Chizara Ibeakanma
2 min readAug 17, 2024
Photo by Alexander Andrews on Unsplash

I am here with another body. Another self that I have put to death. Another version of me to bury and forget.

This cemetery holds mixed feelings for me. It’s hard to look at a grave of your own self. Well, former self.

Sometimes, you’re happy that that version of you is dead. She probably wasn’t a kind self. Or maybe she was too weak, too naive. But now she’s gone. And it’s a good thing and you’re glad. The new you is a better person, mostly.

Sometimes, you’re sad. You stare at that grave and weep. Weep for your child self that was forcefully torn away from you. Or for the happier, trusting self that was crushed by others.
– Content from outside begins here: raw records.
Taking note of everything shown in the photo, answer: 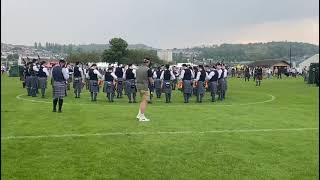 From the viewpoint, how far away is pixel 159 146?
33.7 feet

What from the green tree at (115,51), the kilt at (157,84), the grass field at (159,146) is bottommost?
the grass field at (159,146)

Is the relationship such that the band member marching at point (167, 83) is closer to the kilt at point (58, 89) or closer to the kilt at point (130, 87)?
the kilt at point (130, 87)

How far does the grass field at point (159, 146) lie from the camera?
802cm

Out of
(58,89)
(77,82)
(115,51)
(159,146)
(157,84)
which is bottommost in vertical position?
(159,146)

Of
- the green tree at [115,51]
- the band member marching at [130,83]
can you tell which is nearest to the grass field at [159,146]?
the band member marching at [130,83]

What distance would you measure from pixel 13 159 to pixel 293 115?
416 inches

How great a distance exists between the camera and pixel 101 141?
10.8 m

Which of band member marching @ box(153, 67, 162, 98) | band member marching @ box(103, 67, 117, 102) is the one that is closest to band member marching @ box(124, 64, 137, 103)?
band member marching @ box(103, 67, 117, 102)

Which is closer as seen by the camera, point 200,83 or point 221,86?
point 200,83

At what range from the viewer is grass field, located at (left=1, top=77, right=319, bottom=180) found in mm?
8016

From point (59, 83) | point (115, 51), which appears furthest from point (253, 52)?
point (59, 83)

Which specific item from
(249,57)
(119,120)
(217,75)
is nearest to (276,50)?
(249,57)

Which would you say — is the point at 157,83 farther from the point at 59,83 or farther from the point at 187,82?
the point at 59,83

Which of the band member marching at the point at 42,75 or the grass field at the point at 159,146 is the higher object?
the band member marching at the point at 42,75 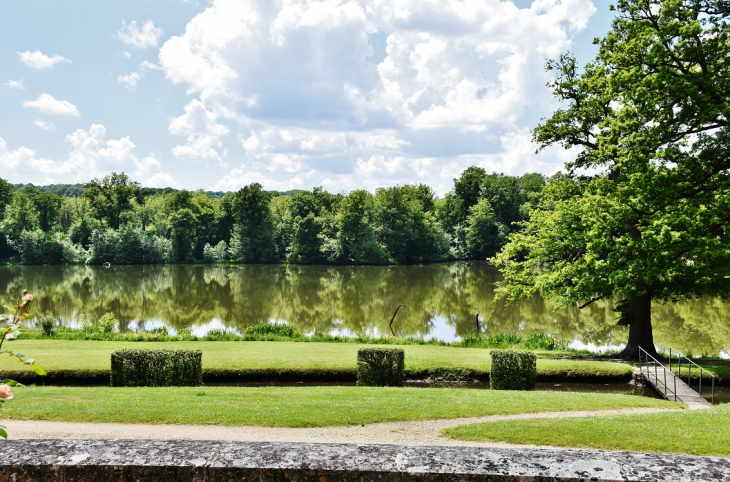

Other times, you’re numb. You look at the grave and you don’t even know who that person was. It was your self, yes. But you don’t know her. You can’t recognise her. How can you mourn or rejoice over a person you don’t know?

The truth is that most of these selves are dead. Not all of them. Sometimes, when I listen closely, I hear whimpers and whispers. They are dead but not quite dead. They are just buried. They exist in other people’s memories, these versions of me that lay at my feet. Even the ones I do not remember. To someone out there she is the only me that they know.

They could resurface if I wanted them to, I guess. If I dug into their graves, I could get them out but I’d have to replace them with my current self. A body for a body.

This body is becoming heavy in my arms. I have to bury her. I can’t keep lugging her around with my new self. Sometimes, she gains new strength and tries to strangle the new self. I can’t let that happen.

I have to bury her before she comes to live again. Rest in peace, to all of us.